# Primal and Dual Simplex Methods

My article on linear programming is a prerequisite. For the second half (dual simplex and degeneracy), my article on duality in linear programming is a prerequisite.

Linear programs have an amazing structure. The simplex methods exploit this amazing structure to quickly find optima. Thanks to that, problems with millions of variables can now be solved, hence solving extremely complex industrial issues. That’s why the simplex methods have become crucial in our world today.

Why are you using the plural when talking about simplex methods?

You’re right to ask. There really is only one simplex method, introduced by the American mathematician George Dantzig right after the second world war. However, variants have been introduced, mainly the dual simplex method, which I’ll present later in this article. Let’s have a look at the simplex method first.

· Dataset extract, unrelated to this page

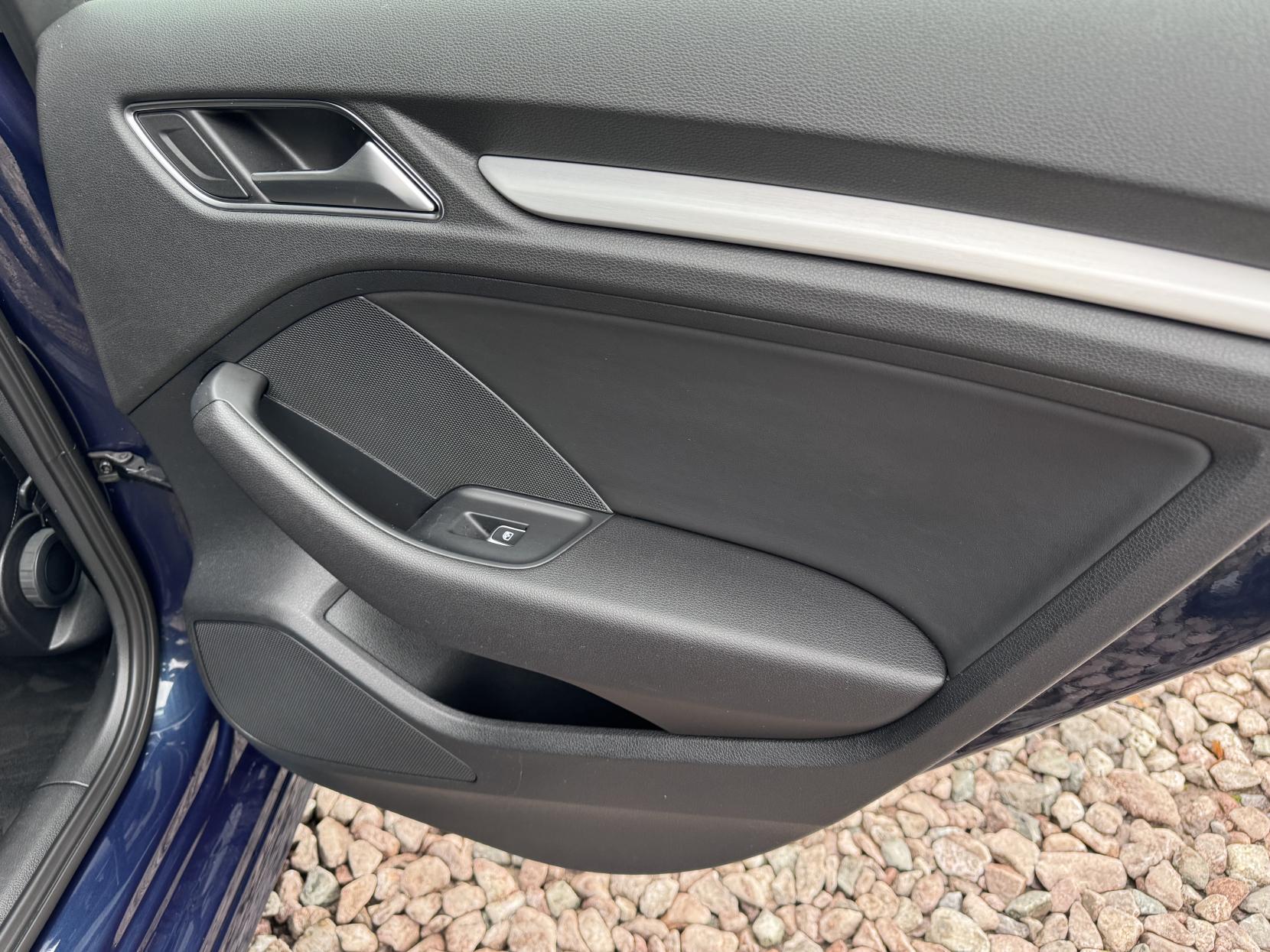 Audi A3 1.5 TFSI CoD S line Sportback 5dr Petrol Manual Euro 6 (s/s) (150 ps)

We’ll consider the smart robber problem I described in my article on linear programming, that is we can steal bills or gold, but the total stolen volume is limited, as well as the total weight stolen. Here is a figure of the feasible region. ## The simplex method

Recall that, in a linear program, there is necessarily an extreme point that is the optimum.

So we could just list all the extreme points and choose the best one…

There are two problems with listing all the extreme points. First, there can be a lot of them, especially when considering problems with millions of variables and hundreds of thousands constraints. Second, finding an extreme point can be quite difficult as it involves solving a system with all the constraints that may not lead to a feasible solution. Shortly said, listing all the extreme points is a bad idea.

What the simplex method does is moving from extreme points to strictly better extreme points until finding an optimal extreme points. This simple idea is considered as one of the main breakthroughs of the 20th century in computing, at least according to the journal Computing in Science and Engineering!

Visually it doesn’t seem too complicated but how are extreme points computed?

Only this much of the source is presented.